One of the most common confusions that arise surrounding issues of scalability and availability is that they are often not rigorously defined or that they are defined based on insufficient information. The so-called Service Level Agreement (SLA) lies at the heart of this matter. An SLA typically defines a set of performance figures that are an integral part of the contract between one organization that provides an IT service and another that consumes that service.

The most common performance figure is the guaranteed operation time. The operation time (commonly referred to as uptime) states the time that the system must be available, along with an acceptable amount of unplanned downtime. The SLA also states the capacity of the system. This includes storage capacity, number of concurrent users, and TPS. Often, an SLA also states the response times that are acceptable for a certain percentage of requests.

Care must be taken when the requirements for any IT system are defined. Further care should be taken for any system that relies on other systems to function properly. Far too many so-called "SLAs" in the industry only state the wishful thinking of the people who originally "defined" them during a sales pitch. As a consequence, they also state requirements that far exceed what the systems actually needs to deliver in the worst-case scenario. For example, it is unacceptable to require an airline booking system to support a number of concurrent requests that is equal to all airline seats available for the entire year. Even if the booking system could fulfill this requirement, there would be no benefit for the business. Therefore, such requirements must be based on known values, such as the current number of transactions and the actual number of users that are concurrently connected to the system, where possible. If such numbers are not available, extrapolation from currently known values is required. It is both valid and commonplace to add a safety margin, but you must take into consideration that the requirements for the system's availability ultimately impacts engineering efforts. At the same time, it is valid to question whether any business process needs to operate unaffected in the cases of nuclear war or an alien invasion. Finally, you should be wary of the concept of guaranteed response times for as yet unspecified and unimplemented business functionality. It is fairly easy to plan for capacity and availability; it is almost impossible to plan for an unknown computational algorithm.

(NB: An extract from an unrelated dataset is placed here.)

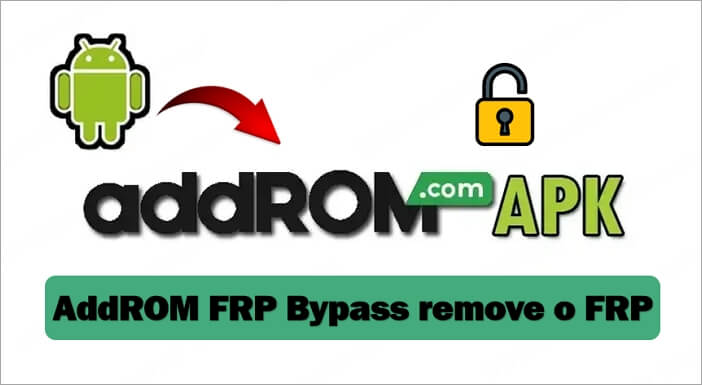 AddROM FRP Bypass não funciona? Melhor alternativa para remover FRP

By now, it should be clear that availability and scalability come at a price. A number of applications exist in which you should be prepared to spend a large amount of money to guarantee availability. Consider air traffic control systems or a control system for a nuclear power plant. In these cases, not only the functioning of the economy but also human lives depend on these systems remaining permanently operational. In other cases, the systems that are affected by your IT system might be very expensive or very hard to replace, such as a multi-billion dollar spacecraft whose IT systems enter unplanned downtime just as it enters the atmosphere of one of the moons of Jupiter. However, for a large number of systems, some amount of unplanned downtime is inconvenient but acceptable. One example is an online banking system where most users might not even notice a downtime of a couple of hours every month. A second example is an airline check-in system. Although downtime is very inconvenient and large queues form in front of the check-in desk, fallback procedures exist that allow for a manual check-in process.

The stronger the requirements, the higher the price tag. Building an extremely fail-proof system that is scalable from initial hardware setup to software development to operating procedures is very expensive.

On a different note, you must never forget that the overall performance of the system is ultimately limited by the weakest link in the technology chain. This has an important effect on any integration or service-enabling effort because the impact that legacy systems and databases have on overall system performance is regularly underestimated. In principle, the service layer scales linearly to support unlimited capacity, regardless of the underlying technology. However, the supporting systems stop scaling at some point, such as when the number of connections a database server can support is exceeded, when the storage area is full, or when transactions occurring at a certain rate create concurrency problems at the database level. Often, this is not a technical but an administrative problem: hardware must be bought, database configurations must be changed, host computing power must be ordered, and so on. Because these things typically take time to progress to the proper channels in an enterprise's IT operation, it is important to stress test the entire application stack as soon as possible in the project to allow enough time for uncovering any backend scalability issues.

Stress Test Early

Often, simple measures on IT system level will improve performance and scalability radically. However, time is required to implement these changes. To buy yourself this crucial time, do not be afraid of using stress testing early in the development process.

Finally, note that session state should be placed in the application frontend. If the application frontend is not suitable, you should create lean process-centric services, which should be carefully separated from non-conversational services.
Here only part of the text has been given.